Waveland Woman Tired Of Drainage Problems - WLOX.com - The News for South Mississippi

05/31/05

Waveland Woman Tired Of Drainage Problems

The river that grew in her front yard may be from the weekend rain, but a Waveland woman says the city's drainage system is the root of the problem. And she says she's tried for ten years to get it fixed.

City leaders call it a natural drainage system, vital to keeping flood water moving south. But Stella Williams calls it an eyesore and a health hazard.

"We've got snakes and rodents and I don't know what floating in this water, but then after it all drains out we have standing water and garbage everywhere."

Williams says once the water subsides, she and her husband are left with mounds of trash to clean up.

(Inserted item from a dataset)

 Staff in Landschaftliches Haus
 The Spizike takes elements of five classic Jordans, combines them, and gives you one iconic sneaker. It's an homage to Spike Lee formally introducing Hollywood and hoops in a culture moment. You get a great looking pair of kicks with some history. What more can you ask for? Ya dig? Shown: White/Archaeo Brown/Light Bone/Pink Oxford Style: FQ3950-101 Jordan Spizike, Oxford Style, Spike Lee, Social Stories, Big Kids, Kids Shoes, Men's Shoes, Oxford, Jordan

"Balls, beer bottles, pop bottles, gasoline. These are not ours. These don't come out of our yard. I don't know where this stuff comes from, but it shouldn't be our problem. We shouldn't have to live with it."

On top of that, Williams says, the ditch is getting larger and is eating away her front yard. Williams says a stump is all that's left of a tree that fell on her house after water compromised the roots.

"Do we have to cut every tree in our yard so that they don't fall on our house? The flooding needs to be addressed. I just want to quit rolling up my pant legs. Have city officials roll up their sleeves and take care of this problem."

Williams believes the drainage pipe that runs underneath Farrar Lane is not big enough. But Mayor Tommy Longo told WLOX News those pipes are fairly new.

"Three and a half years ago, we increased the pipe size from 18 inches to a 36 inch pipe. Any pipe larger than that will create flooding problems for residents on the next street over."

Williams says she just wants the flooding on her street to go away.

"They've come out here. They've looked at the problem after a major flood, promised me the moon and I still don't have any results."

Mayor Longo said the city is working on a comprehensive city drainage plan. Part of that plan could include buying out some of the homes around Farrar Lane with the help of FEMA and the US Army Corps of Engineers.

But it's unlikely Stella Williams' home would be one of them because her home is elevated.